Work to complete: A single stretch of the material below is to be transcribed exactly, starting at the line with "Hollister Ultra High-Rise" and ending after the line with "Tripolia Throw".

Data records:
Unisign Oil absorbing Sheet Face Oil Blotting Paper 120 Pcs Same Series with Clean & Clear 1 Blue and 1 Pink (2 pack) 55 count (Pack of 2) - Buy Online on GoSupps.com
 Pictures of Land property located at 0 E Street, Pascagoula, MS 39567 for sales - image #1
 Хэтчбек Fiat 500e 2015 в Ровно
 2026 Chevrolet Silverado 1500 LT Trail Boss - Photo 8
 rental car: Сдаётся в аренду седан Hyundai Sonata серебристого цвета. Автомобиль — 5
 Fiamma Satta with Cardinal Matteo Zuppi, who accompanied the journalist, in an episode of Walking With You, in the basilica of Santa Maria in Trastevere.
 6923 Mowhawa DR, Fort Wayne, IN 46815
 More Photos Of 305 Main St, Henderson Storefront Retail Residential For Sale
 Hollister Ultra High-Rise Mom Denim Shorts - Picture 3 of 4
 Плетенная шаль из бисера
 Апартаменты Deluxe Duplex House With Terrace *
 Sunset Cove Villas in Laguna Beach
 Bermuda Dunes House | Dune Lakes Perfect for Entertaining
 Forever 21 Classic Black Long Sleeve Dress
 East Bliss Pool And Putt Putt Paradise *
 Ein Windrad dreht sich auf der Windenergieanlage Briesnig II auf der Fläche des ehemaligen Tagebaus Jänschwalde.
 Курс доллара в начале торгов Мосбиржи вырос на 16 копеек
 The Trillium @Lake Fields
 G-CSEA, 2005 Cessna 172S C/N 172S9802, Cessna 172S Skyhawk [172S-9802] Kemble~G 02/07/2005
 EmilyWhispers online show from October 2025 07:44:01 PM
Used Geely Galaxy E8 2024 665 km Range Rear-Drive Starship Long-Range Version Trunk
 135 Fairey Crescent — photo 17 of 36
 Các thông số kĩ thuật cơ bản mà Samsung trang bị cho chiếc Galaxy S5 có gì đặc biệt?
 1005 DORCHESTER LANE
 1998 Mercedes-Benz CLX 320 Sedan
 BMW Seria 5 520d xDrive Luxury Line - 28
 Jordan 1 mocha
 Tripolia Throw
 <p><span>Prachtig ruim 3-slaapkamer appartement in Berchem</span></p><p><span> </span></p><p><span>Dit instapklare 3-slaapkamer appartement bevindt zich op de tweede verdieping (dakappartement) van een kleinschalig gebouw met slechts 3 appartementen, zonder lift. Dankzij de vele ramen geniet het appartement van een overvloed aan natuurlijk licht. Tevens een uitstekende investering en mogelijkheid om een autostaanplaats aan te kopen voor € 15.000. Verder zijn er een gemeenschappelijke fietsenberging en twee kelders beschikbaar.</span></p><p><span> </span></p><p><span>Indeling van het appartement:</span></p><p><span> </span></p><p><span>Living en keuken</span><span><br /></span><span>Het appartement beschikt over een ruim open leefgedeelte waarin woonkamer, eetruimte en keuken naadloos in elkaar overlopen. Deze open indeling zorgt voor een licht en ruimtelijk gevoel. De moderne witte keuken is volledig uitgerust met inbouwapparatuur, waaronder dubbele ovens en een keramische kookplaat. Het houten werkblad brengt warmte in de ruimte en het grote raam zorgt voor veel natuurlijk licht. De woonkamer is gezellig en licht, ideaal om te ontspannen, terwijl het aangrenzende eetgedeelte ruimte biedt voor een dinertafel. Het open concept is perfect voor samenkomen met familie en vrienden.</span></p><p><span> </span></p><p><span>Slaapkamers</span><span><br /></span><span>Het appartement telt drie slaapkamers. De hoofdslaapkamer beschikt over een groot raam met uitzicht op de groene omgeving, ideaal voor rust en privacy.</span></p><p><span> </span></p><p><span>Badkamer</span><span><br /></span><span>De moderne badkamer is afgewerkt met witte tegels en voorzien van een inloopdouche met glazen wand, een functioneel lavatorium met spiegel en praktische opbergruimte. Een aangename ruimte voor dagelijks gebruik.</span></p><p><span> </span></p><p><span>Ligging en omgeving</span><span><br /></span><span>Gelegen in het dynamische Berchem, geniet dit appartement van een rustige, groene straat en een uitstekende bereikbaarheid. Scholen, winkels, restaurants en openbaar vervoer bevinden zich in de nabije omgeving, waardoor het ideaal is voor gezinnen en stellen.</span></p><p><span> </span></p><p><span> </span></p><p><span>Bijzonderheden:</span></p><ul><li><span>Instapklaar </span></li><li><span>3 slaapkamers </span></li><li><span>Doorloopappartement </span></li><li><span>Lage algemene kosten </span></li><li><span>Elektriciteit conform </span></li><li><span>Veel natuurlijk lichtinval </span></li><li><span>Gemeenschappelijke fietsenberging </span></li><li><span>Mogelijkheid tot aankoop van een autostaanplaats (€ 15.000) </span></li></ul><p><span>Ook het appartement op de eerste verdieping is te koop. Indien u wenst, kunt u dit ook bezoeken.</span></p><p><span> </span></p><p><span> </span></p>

Finished exercise:
 Hollister Ultra High-Rise Mom Denim Shorts - Picture 3 of 4
 Плетенная шаль из бисера
 Апартаменты Deluxe Duplex House With Terrace *
 Sunset Cove Villas in Laguna Beach
 Bermuda Dunes House | Dune Lakes Perfect for Entertaining
 Forever 21 Classic Black Long Sleeve Dress
 East Bliss Pool And Putt Putt Paradise *
 Ein Windrad dreht sich auf der Windenergieanlage Briesnig II auf der Fläche des ehemaligen Tagebaus Jänschwalde.
 Курс доллара в начале торгов Мосбиржи вырос на 16 копеек
 The Trillium @Lake Fields
 G-CSEA, 2005 Cessna 172S C/N 172S9802, Cessna 172S Skyhawk [172S-9802] Kemble~G 02/07/2005
 EmilyWhispers online show from October 2025 07:44:01 PM
Used Geely Galaxy E8 2024 665 km Range Rear-Drive Starship Long-Range Version Trunk
 135 Fairey Crescent — photo 17 of 36
 Các thông số kĩ thuật cơ bản mà Samsung trang bị cho chiếc Galaxy S5 có gì đặc biệt?
 1005 DORCHESTER LANE
 1998 Mercedes-Benz CLX 320 Sedan
 BMW Seria 5 520d xDrive Luxury Line - 28
 Jordan 1 mocha
 Tripolia Throw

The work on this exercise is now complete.